Aku dan Farid segera mencari tempat. Ya, kedatanganku ke Bekasi hari itu adalah untuk mewawancari Farid, sang juara catur dunia untuk kelompok umur 15 tahun di Yunani Mei lalu.
Farid pun bercerita akan kemenangannya di Yunani sana. Dengan nilai nyaris sempurna 8,5 dari 9 permainan membuat Indonesia bangga mempunyai putra yang amat pintar di olah raga berfikir itu. Mengalahkan pecatur Rusia dan Turki. Sungguh mengagumkan. Remaja bernama lengkap Farid Firman Syah ini belum genap umurnya 14 tahun, namun rekornya menjuarai berbagai perlombaan catur sudah seabreg-abreg. Dia bukan orang kaya, dia hanya orang biasa. Dia juga tahu catur bukan dari sekolah catur, walaupun akhirnya ia pun disekolahkan di sekolah catur ternama SCUA. Dia tahu catur dari ayahnya yang setiap malam sering bermain catur dengan teman-temannya.
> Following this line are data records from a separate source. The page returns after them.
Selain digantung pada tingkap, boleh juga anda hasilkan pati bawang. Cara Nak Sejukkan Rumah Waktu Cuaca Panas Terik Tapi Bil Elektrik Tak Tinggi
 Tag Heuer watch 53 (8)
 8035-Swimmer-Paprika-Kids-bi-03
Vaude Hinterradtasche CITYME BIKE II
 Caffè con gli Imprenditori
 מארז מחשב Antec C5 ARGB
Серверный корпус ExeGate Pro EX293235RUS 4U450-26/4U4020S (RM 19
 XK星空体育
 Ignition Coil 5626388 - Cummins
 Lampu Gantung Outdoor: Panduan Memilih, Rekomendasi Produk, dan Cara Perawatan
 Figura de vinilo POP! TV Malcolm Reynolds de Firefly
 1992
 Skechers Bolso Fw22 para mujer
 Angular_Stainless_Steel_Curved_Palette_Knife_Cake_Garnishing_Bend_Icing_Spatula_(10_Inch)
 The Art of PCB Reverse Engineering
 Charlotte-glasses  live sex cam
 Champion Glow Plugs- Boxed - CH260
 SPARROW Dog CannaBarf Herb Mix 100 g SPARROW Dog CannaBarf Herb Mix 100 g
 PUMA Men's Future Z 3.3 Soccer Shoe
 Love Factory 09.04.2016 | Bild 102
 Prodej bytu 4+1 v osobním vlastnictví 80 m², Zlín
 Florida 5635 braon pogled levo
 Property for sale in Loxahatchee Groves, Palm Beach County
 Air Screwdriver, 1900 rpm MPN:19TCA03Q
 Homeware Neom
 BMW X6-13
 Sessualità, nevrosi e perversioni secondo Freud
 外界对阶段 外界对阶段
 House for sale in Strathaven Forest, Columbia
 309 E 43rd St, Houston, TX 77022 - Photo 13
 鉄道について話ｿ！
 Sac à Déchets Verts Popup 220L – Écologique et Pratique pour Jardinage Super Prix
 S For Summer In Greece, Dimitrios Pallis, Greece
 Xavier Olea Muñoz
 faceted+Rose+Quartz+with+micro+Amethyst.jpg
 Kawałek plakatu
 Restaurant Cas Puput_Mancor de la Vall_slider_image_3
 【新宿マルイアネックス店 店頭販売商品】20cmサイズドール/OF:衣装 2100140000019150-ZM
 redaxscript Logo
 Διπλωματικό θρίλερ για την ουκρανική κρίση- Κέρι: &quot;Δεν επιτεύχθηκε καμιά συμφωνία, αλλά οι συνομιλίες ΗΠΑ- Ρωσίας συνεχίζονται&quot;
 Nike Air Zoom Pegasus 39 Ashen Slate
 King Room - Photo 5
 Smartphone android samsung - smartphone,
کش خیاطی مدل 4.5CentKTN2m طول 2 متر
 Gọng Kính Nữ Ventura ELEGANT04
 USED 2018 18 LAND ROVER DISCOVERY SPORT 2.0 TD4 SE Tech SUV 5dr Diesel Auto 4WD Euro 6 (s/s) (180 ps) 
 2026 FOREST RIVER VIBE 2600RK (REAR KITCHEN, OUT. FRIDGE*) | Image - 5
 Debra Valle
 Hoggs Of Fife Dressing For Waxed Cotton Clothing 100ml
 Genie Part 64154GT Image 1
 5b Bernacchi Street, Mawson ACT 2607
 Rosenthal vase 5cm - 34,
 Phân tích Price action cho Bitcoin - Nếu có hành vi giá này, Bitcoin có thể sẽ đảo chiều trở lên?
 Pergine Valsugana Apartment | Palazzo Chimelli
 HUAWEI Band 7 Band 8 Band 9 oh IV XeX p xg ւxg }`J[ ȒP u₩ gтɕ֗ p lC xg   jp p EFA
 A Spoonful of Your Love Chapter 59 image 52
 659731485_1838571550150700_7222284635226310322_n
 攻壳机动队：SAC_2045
Hingga akhirnya ia tahu langkah-langkah si biji catur itu, sang ayah memasukkannya di SCUA tempat biasa ia berjualan rokok. Walaupun demikian Amaroh (sang ibu) harus menyisihkan 75 ribu setiap bulannya dari penghasilan yang tidak seberapa itu untuk biaya sekolah Farid. Nilai yang lumayan besar bagi mereka, namun tekad Farid ingin belajar catur membuat Abrori dan Amaroh berjuang keras untuknya.
Ajaib! Hanya 3 bulan Farid bersekolah, ia sudah bisa mengikuti perlombaan catur antar pelajar di Bandung, dan tidak tanggung-tanggung, juara I pun di sabetnya. Saat itu Farid belum genap berumur 9 tahun.
“Aku ingin bantu Ibu dan Ayah. Aku ingin seperti pecatur Susanto yang dapat membeli mobil dari hasil catur,” seru Farid.
Sungguh keinginan yang luar biasa. Sadar dengan keadaannya, Farid merasa harus membantu kedua orangtuanya. Dengan motivasi inilah, akhirnya ia berhasil mensabet seluruh perlombaan catur lainnya. Hingga kini ia mendapat gelar master nasional. Walaupun saat ini dia mendapat gelar grand master untuk tingkat junior, namun ia merasa tidak harus belajar sampai disitu. Kini, obsesinya ingin menjadi Grand Master, sebuah gelar paling puncak di dunia pecaturan. Walaupun
“Bermain catur itu ibarat perang antar dua kerajaan. Butuh strategi untuk mengalahkannya. Aku ingin seperti Anatoly Karpov (pecatur Rusia) dan Utut Adianto,” ujar Farid. Walaupun suaranya kecil, tapi terdengar kalau ia sungguh-sungguh.
Ok Farid, kita doakan obsesimu tercapai. Agar Dunia tidak memandang sebelah mata akan Indonesia dan mudah-mudahan saat kau pensiun dari caturmu nanti, engkau tidak dilupakan begitu saja oleh Indonesia, seperti nasib atlet Indonesia lainnya. Amin.